Latest Procedures (as of Dec. 2, 1999)
Note: These procedures require both Arc/Info 7.0 (or later) and ArcView
3.1 and Spatial Analyst 1.1 or later.
1. Extract the data for an RFC from the CD-ROM delivered by Michigan
Tech. Keep data for different RFCs in separate directories.
2. Run prepro1.aml. To run, follow the instructions
in the header of the prepro1.aml file. This AML may take many
hours to complete since it includes use of the "fill" Grid function.
The buffering step can also be expensive for coastal areas.
There is one interactive step that is required before the filling
occurs. A Grid graphics window will display a mask of the
watershed and the user is required to select the smallest box that
contains the entire area. After this step, it may be desirable
to let this AML to run over night (especially for large RFCs).
Prepro1.aml uses the project command and requires the projection
file geoalb83.prj to exist in the same directory.
3. If the RFC being processed borders large bodies of water (i.e.
oceans or Great Lakes) it will likely be necessary to edit the river arcs
along the coast. This is a manual procedure but it goes pretty quickly.
The steps to do this are as follows:
Load the the elevpmf Grid, projected RF1 Theme (rf1p), and the projected
RFC boundary Theme (rfcbndp) into an ArcView View. These Themes were
created by prepro1.aml.
Load the ThreshR extension.
All of the "rf1p" arcs point upstream rather than downstream.
It is useful to flip the direction of the arcs for for step 6 below.
To do this, make "rf1p" the active Theme and run ThreshR-Utility
--> Flip Arcs. This program will ask you to save the flipped
arcs as a new shapefile. Name the new file "rf1pf.shp." Attribute
information is transferred to rf1pf.shp with the exception of some standard
Arc/Info coverage attributes that are no longer needed in ArcView.

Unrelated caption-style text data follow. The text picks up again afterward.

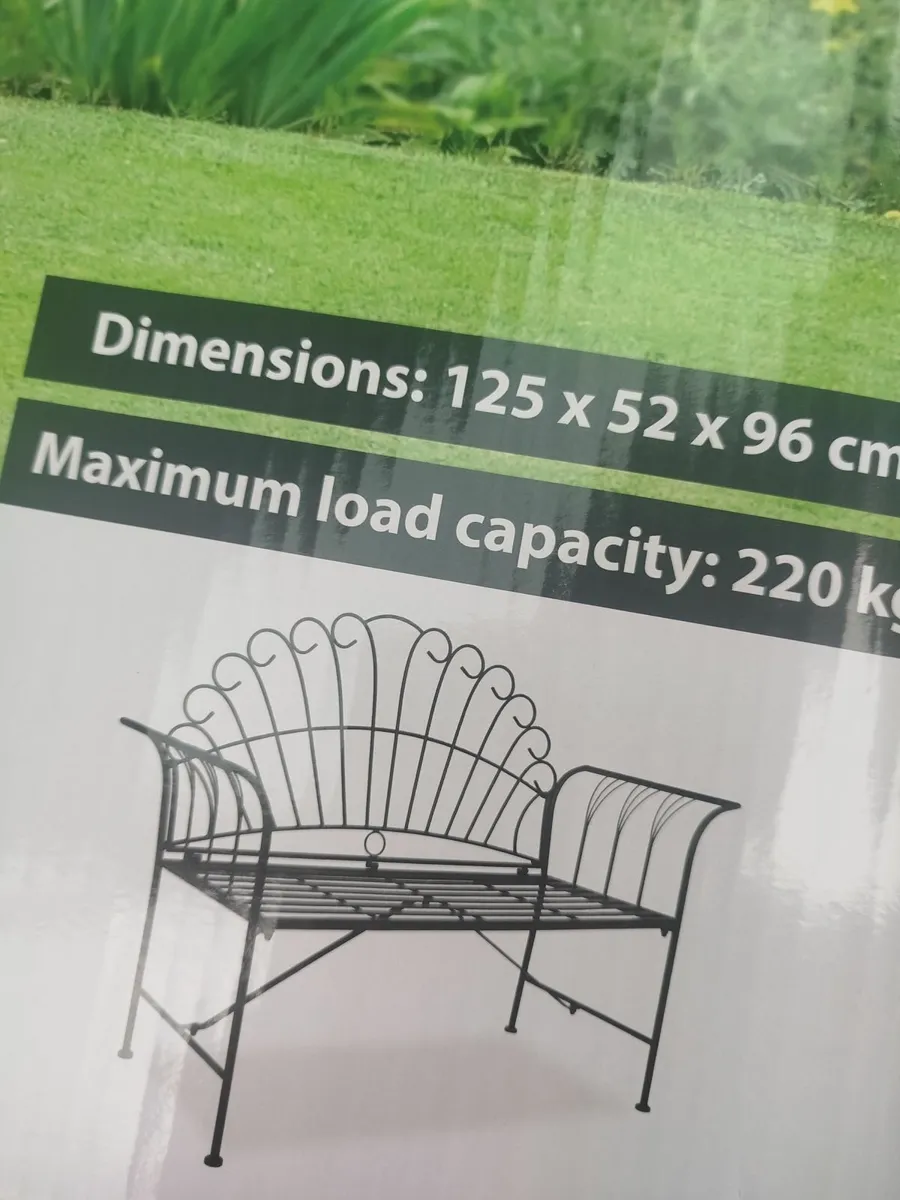 Garden bench new - Image 1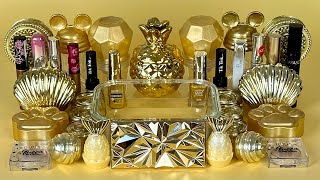 D Slime. Mixing Makeup And Glitter Into Clear Slime. Satisfying Slime Videos 2160P.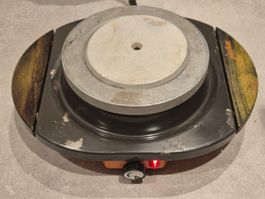 Elektrische Kochplatte / Elektroofen Jura – Vintage original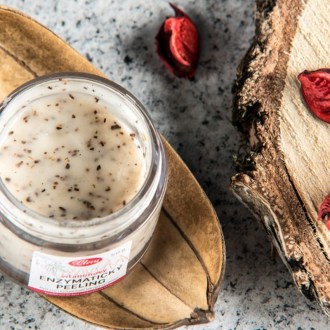 Pleva vitamínový enzymatický peeling na pleť - 50g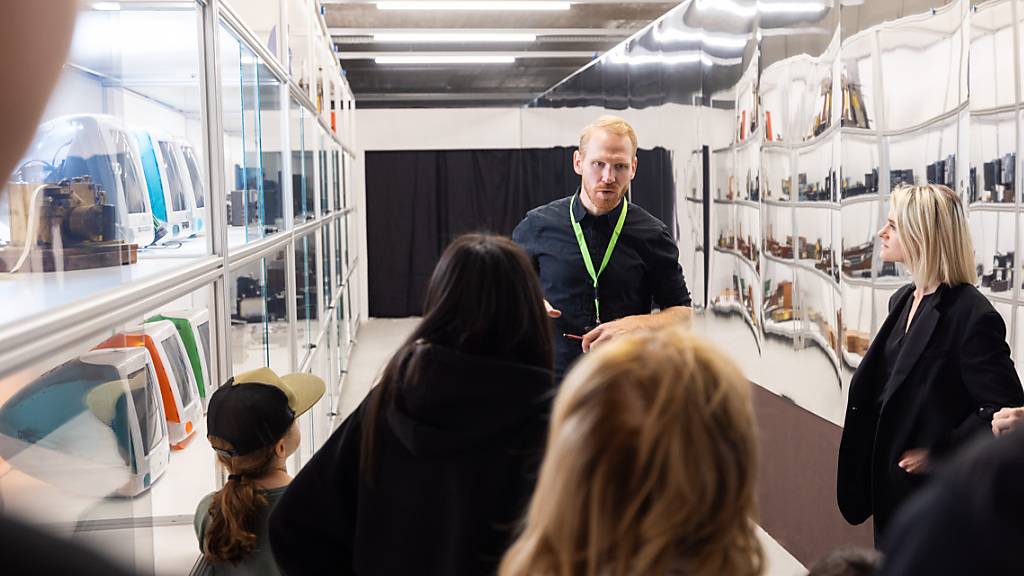 Das Museum Enter will am neuen Standort in Derendingen SO die analoge und digitale Technikgeschichte lebendig machen.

For
this attribute transfer to work, the seventh field in the Arc/Info "rf1p"
file should be the Arc/Info User-ID field. This was the case for
the ABRFC data. If this is not the case, then the ThreshR-Utility
--> Flip Arcs script needs to be changed.
Note: I don't know with 100% certainty that all arcs will be pointing
upstream for all RFCs, so please check this before running this program.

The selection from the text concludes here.